The Illinois State Police is investigating the shooting by the white Midlothian officer, who has not been identified. Protesters gathered Tuesday outside the Midlothian Police Department, some carrying portraits of Roberson. A memorial of candles took shape nearby. Advocates planned a rally Wednesday to demand justice for Roberson amid calls for prosecutors to investigate.
Police said a gunman had entered Manny's Blue Room Lounge in Robbins early Sunday morning, and shot and wounded multiple people inside the bar. When officers arrived at the scene, Roberson was holding down a suspect on the ground outside the bar, witnesses told CBS Chicago.
"A Midlothian Police Officer encountered a subject in plain black clothing with no markings readily identifying him as a Security Guard, armed with a gun in the west parking lot," state police said late Tuesday. "According to witness statements, the Midlothian officer gave the armed subject multiple verbal commands to drop the gun and get on the ground before ultimately discharging his gun and striking the subject."
Illinois State Police said the investigation later determined that the "armed subject" was a security guard and was "attempting to subdue a subject believed to be involved in the initial shooting" when he was killed.
An attorney for Roberson's mother says Roberson was holding down a shooting suspect and wearing a hat emblazoned with the word "security" when he was shot.
Roberson's family has sued the village of Midlothian and the unnamed officer involved, calling the shooting unreasonable, unprovoked, and unjustified. An official in a neighboring community has asked prosecutors to investigate, saying he's concerned race played a role in the shooting.

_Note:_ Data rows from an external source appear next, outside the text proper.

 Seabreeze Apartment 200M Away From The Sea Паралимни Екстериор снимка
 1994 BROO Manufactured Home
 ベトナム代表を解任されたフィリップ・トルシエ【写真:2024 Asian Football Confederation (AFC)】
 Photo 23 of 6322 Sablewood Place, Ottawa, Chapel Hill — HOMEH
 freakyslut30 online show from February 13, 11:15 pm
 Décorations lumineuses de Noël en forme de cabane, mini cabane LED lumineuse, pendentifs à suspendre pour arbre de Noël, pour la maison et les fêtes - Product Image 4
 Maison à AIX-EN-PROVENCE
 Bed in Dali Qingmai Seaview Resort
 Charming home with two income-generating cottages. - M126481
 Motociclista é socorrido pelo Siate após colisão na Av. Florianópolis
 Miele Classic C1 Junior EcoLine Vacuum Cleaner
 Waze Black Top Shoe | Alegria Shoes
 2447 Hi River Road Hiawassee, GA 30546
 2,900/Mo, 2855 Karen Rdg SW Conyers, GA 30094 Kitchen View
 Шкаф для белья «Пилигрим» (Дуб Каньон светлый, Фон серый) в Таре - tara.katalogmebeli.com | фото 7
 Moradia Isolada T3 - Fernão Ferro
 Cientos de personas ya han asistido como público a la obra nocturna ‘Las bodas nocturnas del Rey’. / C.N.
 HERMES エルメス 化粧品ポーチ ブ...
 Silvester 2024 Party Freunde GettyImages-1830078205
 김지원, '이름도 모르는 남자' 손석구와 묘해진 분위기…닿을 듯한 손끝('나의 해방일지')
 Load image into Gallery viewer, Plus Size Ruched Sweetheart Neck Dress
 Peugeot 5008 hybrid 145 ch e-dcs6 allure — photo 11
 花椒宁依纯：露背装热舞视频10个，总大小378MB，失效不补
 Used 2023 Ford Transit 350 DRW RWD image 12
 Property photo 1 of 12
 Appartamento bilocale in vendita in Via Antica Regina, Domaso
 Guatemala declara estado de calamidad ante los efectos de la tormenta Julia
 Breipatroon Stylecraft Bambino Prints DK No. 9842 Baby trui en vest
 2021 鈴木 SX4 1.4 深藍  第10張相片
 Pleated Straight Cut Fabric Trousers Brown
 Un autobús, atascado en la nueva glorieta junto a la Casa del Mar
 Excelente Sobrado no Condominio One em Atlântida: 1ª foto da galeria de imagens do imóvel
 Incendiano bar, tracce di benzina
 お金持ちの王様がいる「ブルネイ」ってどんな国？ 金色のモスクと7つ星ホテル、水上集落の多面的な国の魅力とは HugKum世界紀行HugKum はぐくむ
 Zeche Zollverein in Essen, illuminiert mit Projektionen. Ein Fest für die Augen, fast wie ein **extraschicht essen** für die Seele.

"Here is a security guard who is subduing a suspect," but the officer "just sees a black man with a gun and kills him," Alderman Keith Price said.
Price said he learned from witnesses that there are security cameras inside and outside the bar. He urged the Cook County State's Attorney's Office to launch an investigation.
Another security guard at the tavern said the officer jumped onto the bar and waved an assault rifle before running outside and fatally shooting the guard, an attorney said Tuesday.
Gregory E. Kulis, who on Monday filed a civil rights lawsuit against the officer and the community where he works, said the surviving guard told him that the officer pointed a gun at him until he screamed at him that he was a security guard.
"That's when he jumped off the bar, waving the gun, and ran outside the door," said Kulis, who declined to identify the other security guard.
In a statement, Midlothian Police Chief Daniel Delaney said only that the officer shot "a subject with a gun." The officer has been placed on administrative leave, which is standard in such shootings until the investigation is complete, the chief said.
Kulis would not say if he thinks race played a role in Chicago-area shooting, but the fact that the officer is white and Roberson was black has prompted some – including a prominent local African-American newspaper columnist – to question the officer's thinking.
"I believe a police officer showing up at a chaotic scene where a white man has a gun would have at least hollered for him to put the gun down before opening fire," Chicago Sun-Times columnist Mary Mitchell wrote after the shooting. "But too often, black men are not given the benefit of the doubt."
Kulis said he is trying to gather information about the officer, who he said came to the Midlothian department four years ago from another department and is a member of a SWAT team.
Footage from surveillance or body cameras could explain whether Roberson was clearly identifiable as a security guard. Audio could determine what, if anything, was said to the officer before the shooting and whether, as witnesses have told the media, they shouted to the officer before he fired that Roberson was a security guard.
Such footage could also help investigators determine what kind of charges should be filed against the man who is suspected of firing a gun inside the bar. The man was one of four people who suffered non-life threatening gunshot wounds. Some community members have called for the release of any video, reports CBS Chicago.
"They say there's footage. Where is the footage? Let due process properly take its place in terms of what happened here," pastor Mitchell Lee Hicks told the station.
The Illinois State Police didn't immediately respond Monday morning to a series of questions from CBS News, including about what kind of video, if any, captured the incident and whether it will be released.
In his $1 million federal lawsuit, Kulis contends that the officer who shot Roberson violated the man's 4th Amendment rights against unreasonable searches and seizures.
"The use of force is considered a seizure, and he needed probable cause to use force and he did not have that," he said.